Being in the army, I learned not to volunteer for anything, with some exceptions. In the first few day of my military life, we were asked, “Who knows how to drive?” Hands went up thinking of a soft job of driving a jeep. This was followed up with “Come with me and drive this wheel barrow filled with dirt today.” Or, “Who can type?” Hands went up again. “Come with me because you are the type to clean latrines today.” Again, looking for an easy job was the thinking.

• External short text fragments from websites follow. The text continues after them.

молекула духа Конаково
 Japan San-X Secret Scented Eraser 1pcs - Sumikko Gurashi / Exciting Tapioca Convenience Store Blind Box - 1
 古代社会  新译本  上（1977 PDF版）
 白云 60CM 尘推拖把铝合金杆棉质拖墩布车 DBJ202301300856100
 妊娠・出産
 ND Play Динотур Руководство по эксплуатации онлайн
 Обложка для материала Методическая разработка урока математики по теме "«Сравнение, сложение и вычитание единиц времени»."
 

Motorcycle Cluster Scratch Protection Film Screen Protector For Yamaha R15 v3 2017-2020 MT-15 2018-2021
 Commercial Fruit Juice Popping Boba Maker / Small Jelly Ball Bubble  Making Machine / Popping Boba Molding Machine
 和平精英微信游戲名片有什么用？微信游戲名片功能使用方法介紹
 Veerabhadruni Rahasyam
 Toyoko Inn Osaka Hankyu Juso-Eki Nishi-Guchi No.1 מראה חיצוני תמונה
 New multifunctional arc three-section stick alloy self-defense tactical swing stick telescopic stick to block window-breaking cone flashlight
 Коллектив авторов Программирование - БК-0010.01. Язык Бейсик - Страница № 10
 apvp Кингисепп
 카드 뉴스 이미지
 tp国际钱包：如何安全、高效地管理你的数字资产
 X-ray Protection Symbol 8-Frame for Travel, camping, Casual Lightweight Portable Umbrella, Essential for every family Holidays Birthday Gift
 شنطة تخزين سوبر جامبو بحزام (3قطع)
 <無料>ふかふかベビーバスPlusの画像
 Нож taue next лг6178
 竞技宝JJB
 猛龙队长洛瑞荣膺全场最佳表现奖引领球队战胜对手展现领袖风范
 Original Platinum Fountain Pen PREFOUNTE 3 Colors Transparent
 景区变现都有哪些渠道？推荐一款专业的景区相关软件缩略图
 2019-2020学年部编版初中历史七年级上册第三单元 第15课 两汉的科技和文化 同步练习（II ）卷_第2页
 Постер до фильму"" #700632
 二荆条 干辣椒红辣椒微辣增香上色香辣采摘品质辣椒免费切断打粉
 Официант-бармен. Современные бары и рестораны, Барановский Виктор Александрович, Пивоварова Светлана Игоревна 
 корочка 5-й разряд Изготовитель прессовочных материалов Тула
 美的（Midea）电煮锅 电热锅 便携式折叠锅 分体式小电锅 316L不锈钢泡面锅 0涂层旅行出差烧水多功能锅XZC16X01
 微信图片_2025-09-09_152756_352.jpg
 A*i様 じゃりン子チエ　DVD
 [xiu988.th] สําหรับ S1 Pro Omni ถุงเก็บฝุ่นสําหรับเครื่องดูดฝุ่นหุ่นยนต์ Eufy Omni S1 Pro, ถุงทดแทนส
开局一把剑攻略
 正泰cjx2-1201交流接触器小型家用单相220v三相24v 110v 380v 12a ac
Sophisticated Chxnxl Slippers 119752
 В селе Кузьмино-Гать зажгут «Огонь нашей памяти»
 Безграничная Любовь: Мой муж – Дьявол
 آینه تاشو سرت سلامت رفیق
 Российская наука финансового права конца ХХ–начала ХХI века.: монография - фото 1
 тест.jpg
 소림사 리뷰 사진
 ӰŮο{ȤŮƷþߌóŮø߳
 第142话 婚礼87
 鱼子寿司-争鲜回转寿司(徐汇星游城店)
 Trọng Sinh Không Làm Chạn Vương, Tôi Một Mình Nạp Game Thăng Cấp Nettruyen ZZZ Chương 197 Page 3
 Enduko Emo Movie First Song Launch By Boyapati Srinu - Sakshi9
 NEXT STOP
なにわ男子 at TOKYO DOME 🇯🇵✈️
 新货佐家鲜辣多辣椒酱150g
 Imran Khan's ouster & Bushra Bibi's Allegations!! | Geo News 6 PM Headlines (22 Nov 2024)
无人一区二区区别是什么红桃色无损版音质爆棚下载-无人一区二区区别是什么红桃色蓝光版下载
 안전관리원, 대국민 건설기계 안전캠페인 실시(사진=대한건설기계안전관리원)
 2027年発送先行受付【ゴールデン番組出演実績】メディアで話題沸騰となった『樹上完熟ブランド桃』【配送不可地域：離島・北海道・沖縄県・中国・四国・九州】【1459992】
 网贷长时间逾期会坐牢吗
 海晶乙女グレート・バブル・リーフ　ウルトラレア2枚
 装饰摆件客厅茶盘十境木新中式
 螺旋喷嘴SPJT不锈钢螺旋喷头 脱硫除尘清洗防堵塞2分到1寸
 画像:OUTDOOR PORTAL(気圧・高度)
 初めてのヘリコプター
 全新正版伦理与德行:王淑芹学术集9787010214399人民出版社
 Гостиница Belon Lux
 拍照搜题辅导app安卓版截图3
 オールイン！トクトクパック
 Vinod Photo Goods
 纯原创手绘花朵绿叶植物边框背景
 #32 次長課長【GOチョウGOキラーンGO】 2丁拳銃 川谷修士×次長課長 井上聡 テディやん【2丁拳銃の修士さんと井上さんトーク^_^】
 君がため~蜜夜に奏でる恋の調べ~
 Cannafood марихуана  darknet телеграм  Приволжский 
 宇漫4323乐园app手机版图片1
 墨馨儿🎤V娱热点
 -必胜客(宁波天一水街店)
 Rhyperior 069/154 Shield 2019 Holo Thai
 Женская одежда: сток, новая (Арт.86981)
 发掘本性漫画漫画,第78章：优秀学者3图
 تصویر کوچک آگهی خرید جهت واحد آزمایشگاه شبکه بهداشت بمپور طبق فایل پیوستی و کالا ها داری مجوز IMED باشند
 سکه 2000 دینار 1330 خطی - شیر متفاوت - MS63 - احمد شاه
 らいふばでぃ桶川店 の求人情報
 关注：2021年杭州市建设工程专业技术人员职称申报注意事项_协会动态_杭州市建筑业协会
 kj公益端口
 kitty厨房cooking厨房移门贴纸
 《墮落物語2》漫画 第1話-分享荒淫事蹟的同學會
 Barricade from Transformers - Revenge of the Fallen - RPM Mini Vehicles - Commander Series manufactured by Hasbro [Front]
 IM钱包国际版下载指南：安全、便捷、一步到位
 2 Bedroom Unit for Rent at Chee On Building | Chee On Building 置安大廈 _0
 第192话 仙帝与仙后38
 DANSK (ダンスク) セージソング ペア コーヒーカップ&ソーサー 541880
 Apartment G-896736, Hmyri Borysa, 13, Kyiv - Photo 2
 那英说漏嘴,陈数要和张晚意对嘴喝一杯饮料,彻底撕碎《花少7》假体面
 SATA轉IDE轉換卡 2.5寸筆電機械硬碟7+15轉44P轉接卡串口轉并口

When I started Basic Training, we had new wall lockers to put together with 1/4” bolts. I bought a wrench to fit the bolts, thinking I could get my locker put together and tightened. I would be out of there, as we were on our own time in the evening. WRONG! “Hey trooper, the one with a wrench, you are to stay and tighten the bolts since you have a wrench. The rest of you are dismissed.”

Now, do you see why I hesitate to volunteer unless, it is for a good deed like helping someone in need?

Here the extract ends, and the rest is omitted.